O suco que virou ácido
Sexta-feira, dita santa, e um assunto extinto na mídia tradicional insiste em ressuscitar nas redes digitais, assombrando os fariseus.
Trata-se daquela história do suco que virou ácido.
O tema veio a público no dia 13 deste mês, uma quarta-feira, e no sábado seguinte, três dias depois, já havia subido aos céus da imprensa.
Excelência na gestão da crise, por parte da Unilever?
A consultora Vera Lúcia Vieira, diretora da CostumerSat Consultoria, pesquisadora em comunicação e marketing, aponta indícios de que pode ter havido simplesmente um conluio entre os jornais e a empresa, para ocultação do cadáver, quer dizer, do problema.
Segundo o rastreamento feito pela pesquisadora, as primeiras constatações de que havia outro produto no lugar do suco de maçã da marca AdeS foram divulgadas nas redes sociais no dia 13.
Quase imediatamente, ainda antes de a notícia sair nos telejornais, algumas redes de supermercados já estavam tirando as caixas de suas prateleiras.
Como a empresa fabricante demorou um dia para fazer esclarecimentos e providenciar o recolhimento dos lotes contaminados, foram retirados todos os produtos daquela marca.
Quando os jornais deram as primeiras notícias, o assunto já "bombava" nas redes digitais, com relatos de outras ocorrências com alimentos da mesma empresa.
A ação da empresa foi rápida, mas dirigida apenas à imprensa tradicional: comentaristas de programas radiofônicos saíram assobiando e os bravos analistas dos telejornais apenas repassaram o já sabido.
A Unilever não teve pressa para fazer o comunicado oficial à Anvisa, o que poderia reduzir os riscos de consumo involuntário do líquido ácido por alguma criança: o órgão de vigilância sanitária foi informado no dia 14/03 por uma funcionária, que ouvira a notícia no rádio.
A pesquisadora Vera Lúcia Vieira observa que os comentários foram intensos nas redes sociais, produzindo anedotas com a imagem da caixa de suco, num crescendo que, afinal, obrigou a fabricante a se manifestar.
Até as 13h27 do dia 20/03, o site da empresa não havia publicado a informação oficial sobre o recolhimento do produto – mas a notícia já havia saído na edição online da Folha de São Paulo.
Detalhe: o comunicado oficial no site unilever.com.br foi postado no dia 20, com data do dia 18.

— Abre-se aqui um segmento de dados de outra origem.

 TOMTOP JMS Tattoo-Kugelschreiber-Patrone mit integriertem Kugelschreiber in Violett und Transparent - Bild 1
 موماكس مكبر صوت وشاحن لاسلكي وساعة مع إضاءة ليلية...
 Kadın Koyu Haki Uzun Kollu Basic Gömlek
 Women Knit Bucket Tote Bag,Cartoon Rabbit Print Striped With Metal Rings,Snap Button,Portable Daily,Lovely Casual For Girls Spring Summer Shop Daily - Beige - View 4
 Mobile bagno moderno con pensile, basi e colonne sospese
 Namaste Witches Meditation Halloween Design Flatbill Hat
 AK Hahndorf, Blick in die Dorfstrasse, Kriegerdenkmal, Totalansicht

O mesmo texto oficial foi postado na Facebook e reforçado às 23h00 do dia 20, no perfil criado para divulgar o suco AdeS.
"Problema de qualidade"
A estratégia da empresa ficou clara no decorrer dos dias seguintes: conter o noticiário negativo na mídia tradicional e deixar que a onda passasse nas mídias digitais.
Na análise da consultora, a prioridade foi reduzir o efeito negativo do incidente sobre a marca, e não defender o consumidor: nesse período, e até o final desta semana, as linhas do Serviço de Atendimento ao Consumidor da empresa permaneceram congestionadas e ainda não ficou suficientemente esclarecido o que ocorreu na linha de produção.

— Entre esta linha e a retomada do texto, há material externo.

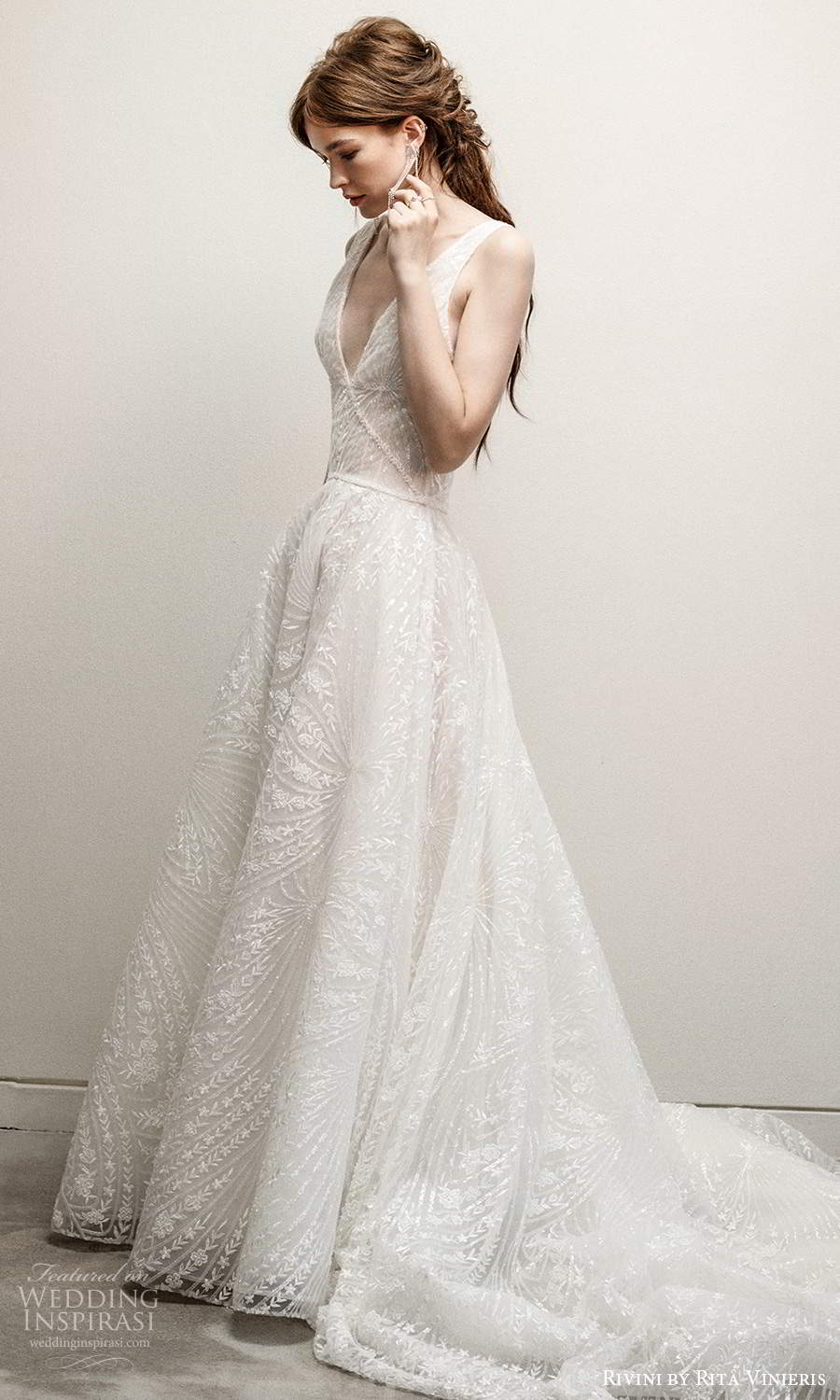 rivini rita vinieris fall 2021 bridal sleeveless straps plunging v neckline fully embellished a line ball gown wedding dress chapel train (12) mv rivini rita vinieris fall 2021 bridal sleeveless straps plunging v neckline fully embellished a line ball gown wedding dress chapel train (12) mv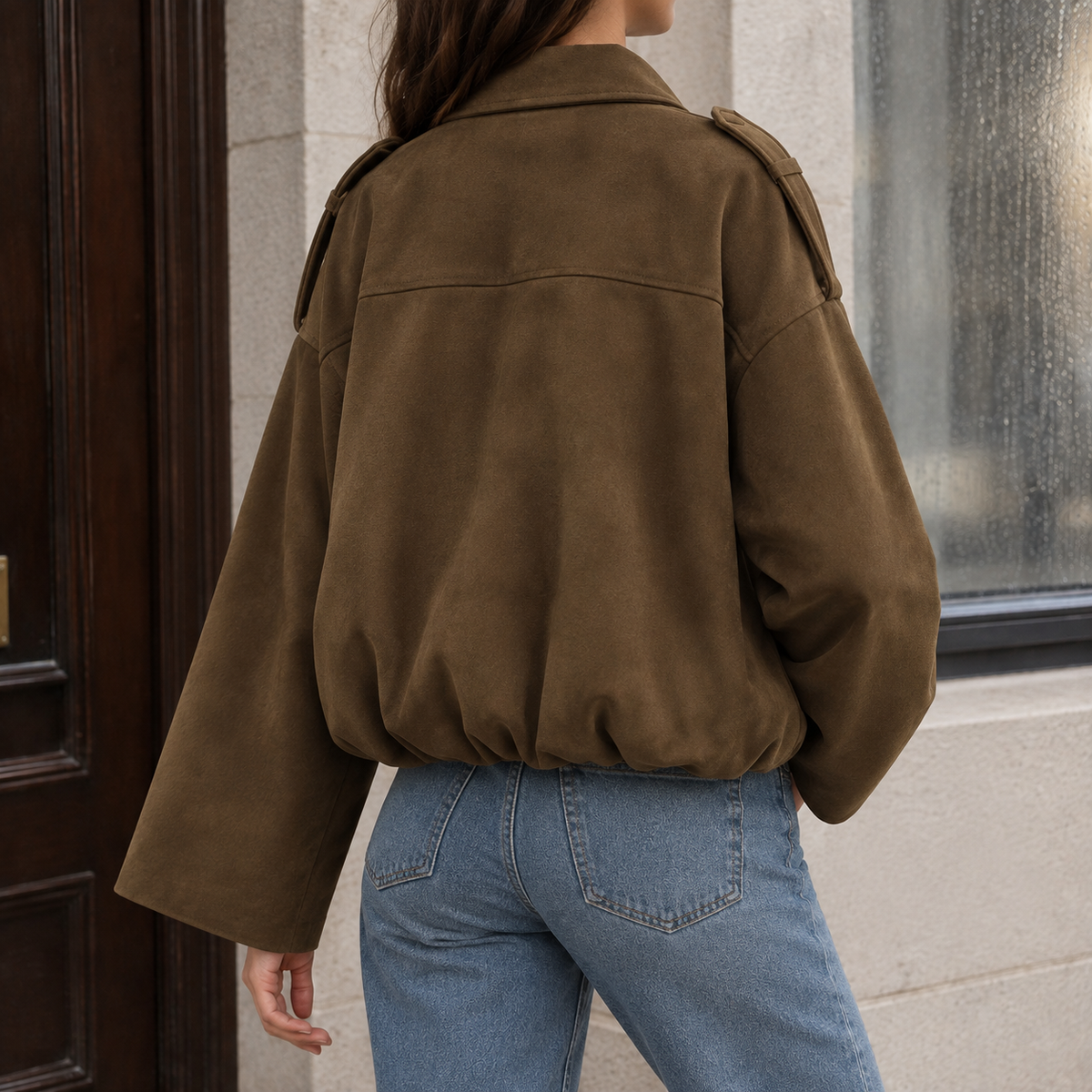 Elise-June Faux Suede Bomber Jacket
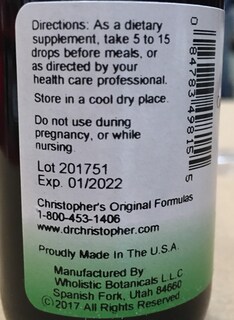 Foto 2 | Suplemento Christopher's Original Formulas Lung & Bronchial 59 ml-Venta Internacional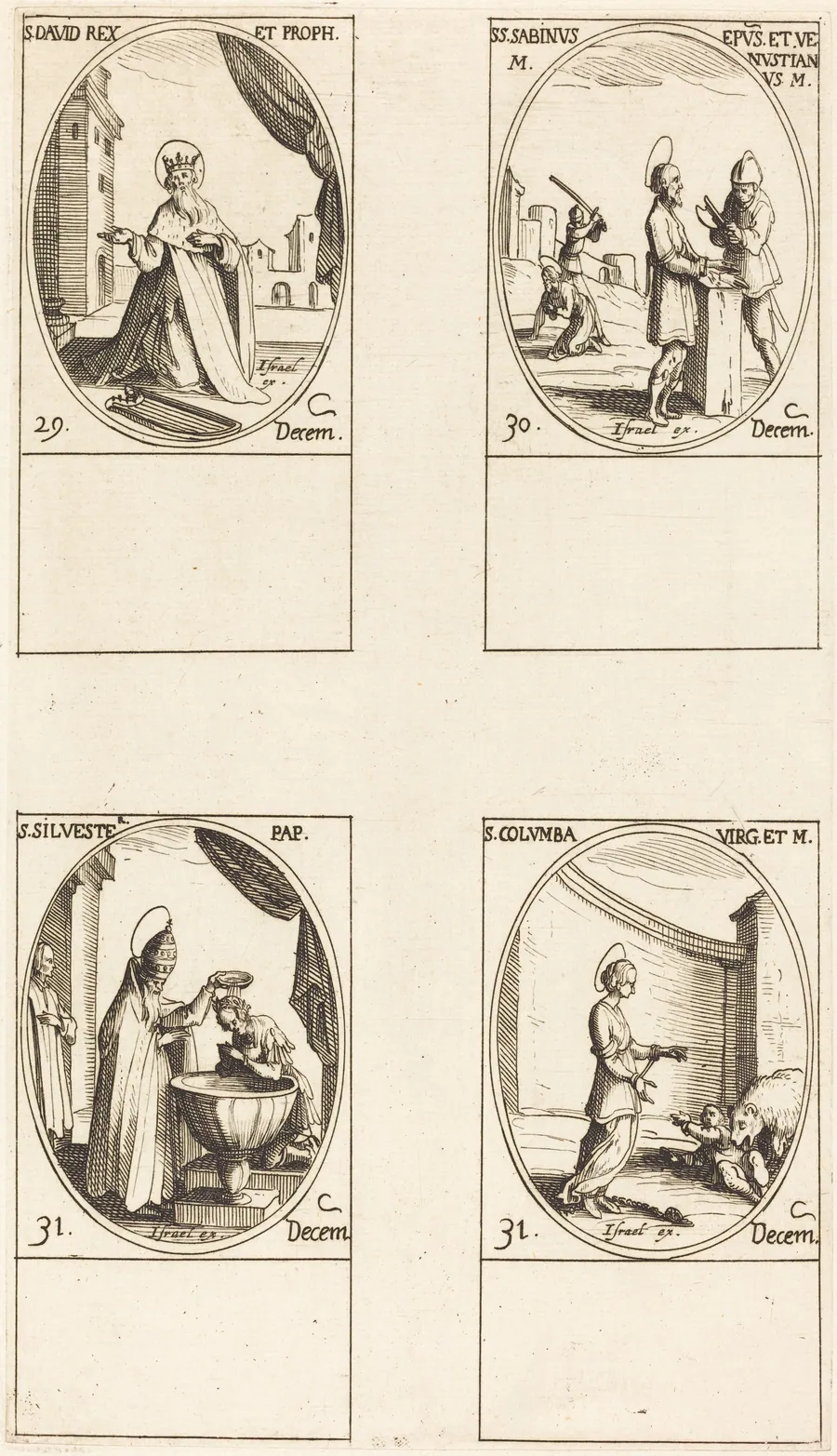 St. David, King and Prophet; Sts. Sabinus and Venustianus; St. Sylvester; St. Colomba by Jacques Callot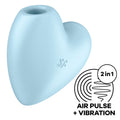 SATISFYER - CUTIE HEART STIMOLATORE E VIBRATORE A IMPULSI D'ARIA BLU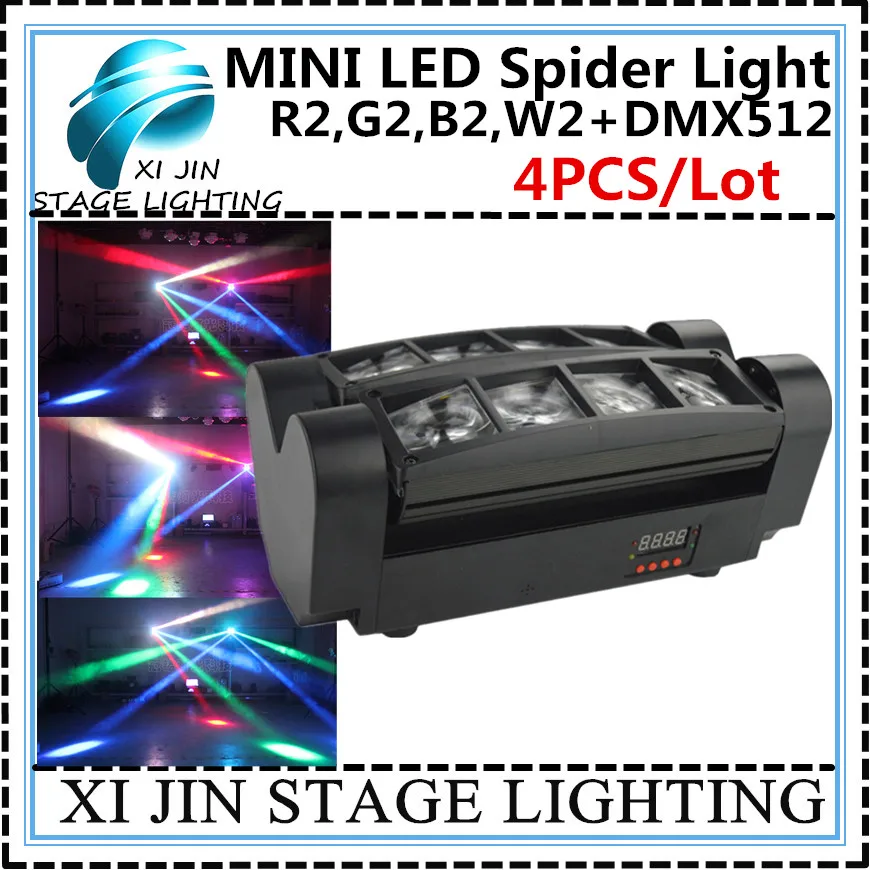 

4PCS/ MINI LED spider light R2 G2 B2 W2 moving head beam light dmx512 professional DJ equipment Spotlight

Uma investigação da Anvisa revelou que já no dia 6 de março, uma semana antes de o caso vir à tona, havia sido registrada uma reclamação no serviço de atendimento da Unilever, mas a empresa não se pronunciou nem informou as autoridades sanitárias.
A Lei de Defesa do Consumidor determina que o fornecedor não pode colocar no mercado produto que sabe, ou deveria saber, que apresente riscos à saúde ou à segurança dos consumidores; caso isso venha a ocorrer, deverá emitir um comunicado de alerta através de todas as mídias (são citados TV, rádio, jornal, revistas).
Embora as redes sociais e a internet não sejam citadas no texto legal, infere-se que sejam consideradas mídias da mesma forma.
O comunicado finalmente publicado pela Unilever afirma que a contaminação, que a empresa chama de "problema de qualidade", contornando a gravidade do fato, "limita-se a 96 unidades de AdeS sabor maçã, 1,5 litro, lote AGB25, produzidas na linha TBA3G na fábrica de Pouso Alegre" (MG).
No entanto, o comportamento errático da empresa reduz a credibilidade de sua estratégia de comunicação.
O assunto segue vivo nas redes digitais, mas praticamente desapareceu do rádio e da televisão, e, nos jornais, apenas pipoca eventualmente em notas curtas.
Até onde se pode rastrear, a empresa não divulgou os prejuízos financeiros causados pelo incidente.
A perda para sua reputação é incalculável, e ainda pode contaminar a credibilidade da mídia tradicional.